All of the data must be output exactly, with every picture left out.

## Material for the task
===

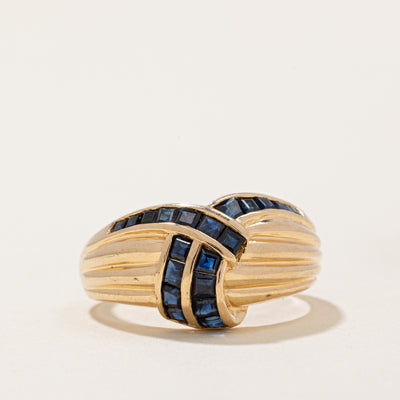 Sapphire Waterfall Ring | 0.75ctw | SZ 5.75 |
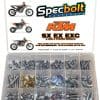 Kit de pernos Specbolt 250 piezas para mantenimiento y
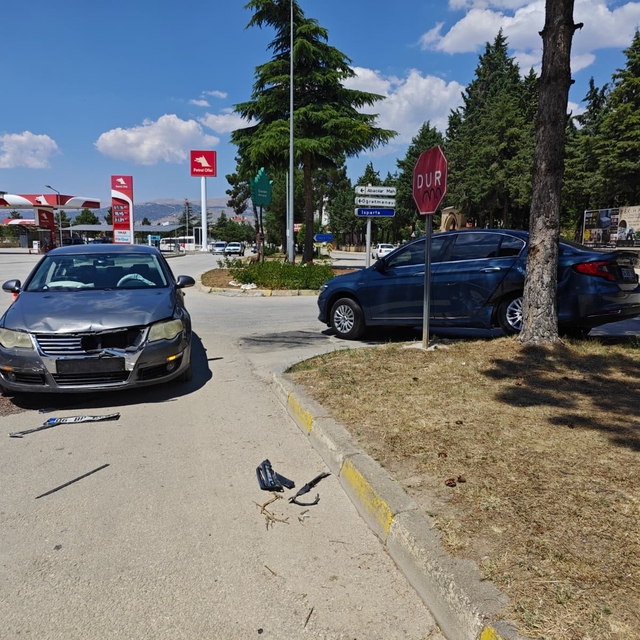 Isparta'da trafik kazası: 1 yaralı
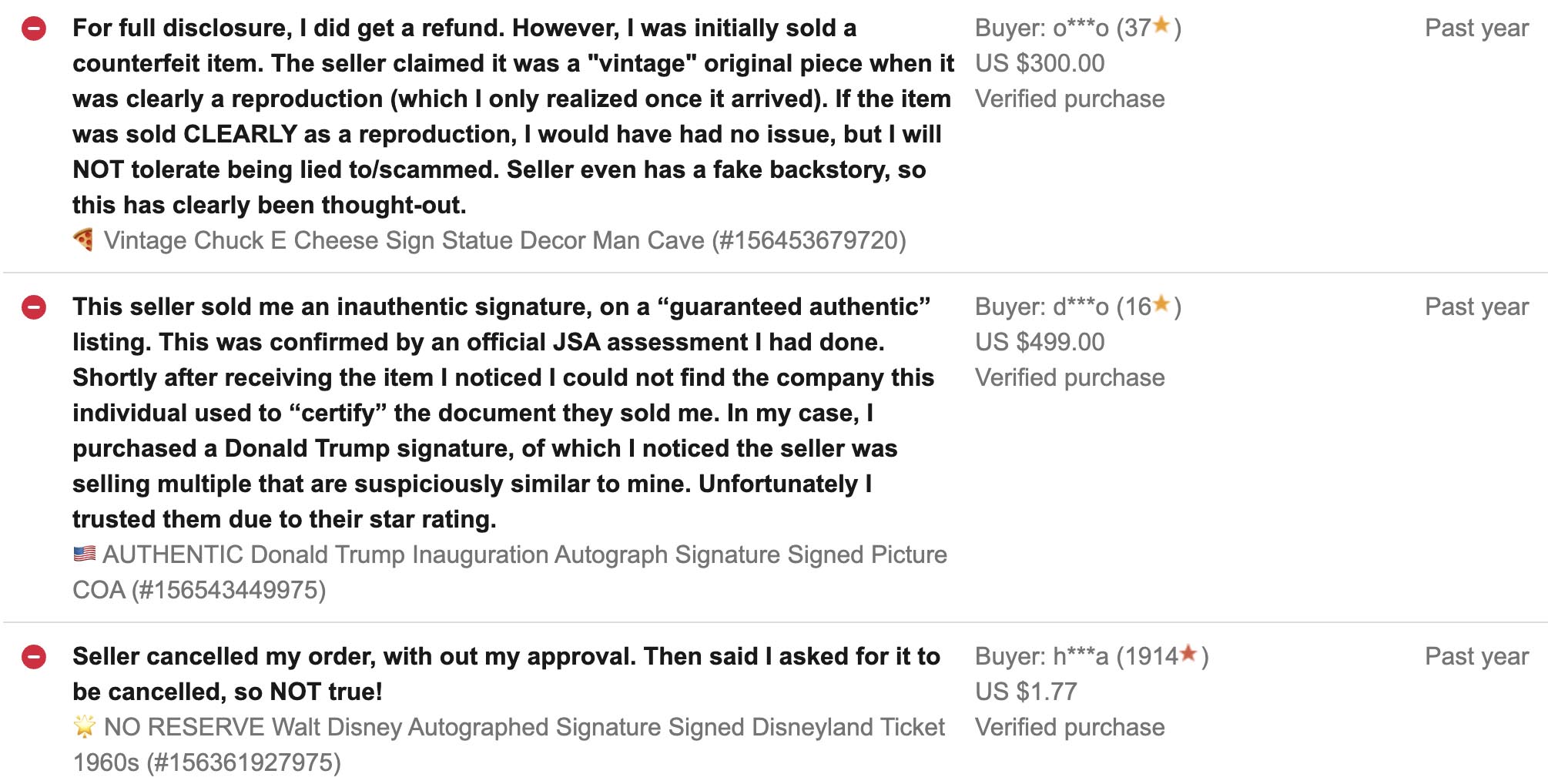 eBay seller chicagogirl4 feedback profile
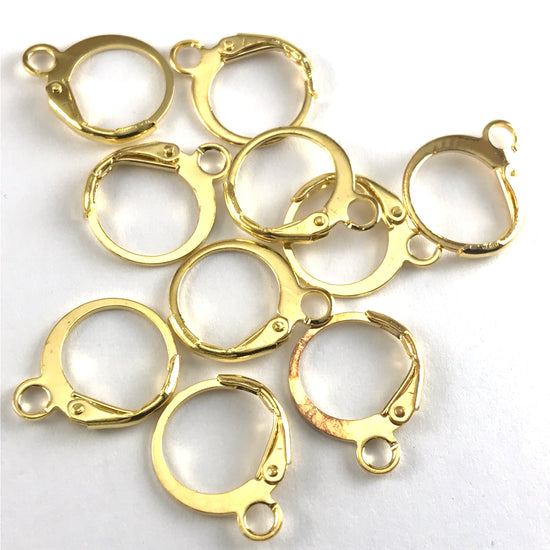 Gold colour round earring hoops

===

## Solution for this problem
 Sapphire Waterfall Ring | 0.75ctw | SZ 5.75 |
 Kit de pernos Specbolt 250 piezas para mantenimiento y
 Isparta'da trafik kazası: 1 yaralı
 eBay seller chicagogirl4 feedback profile
 Gold colour round earring hoops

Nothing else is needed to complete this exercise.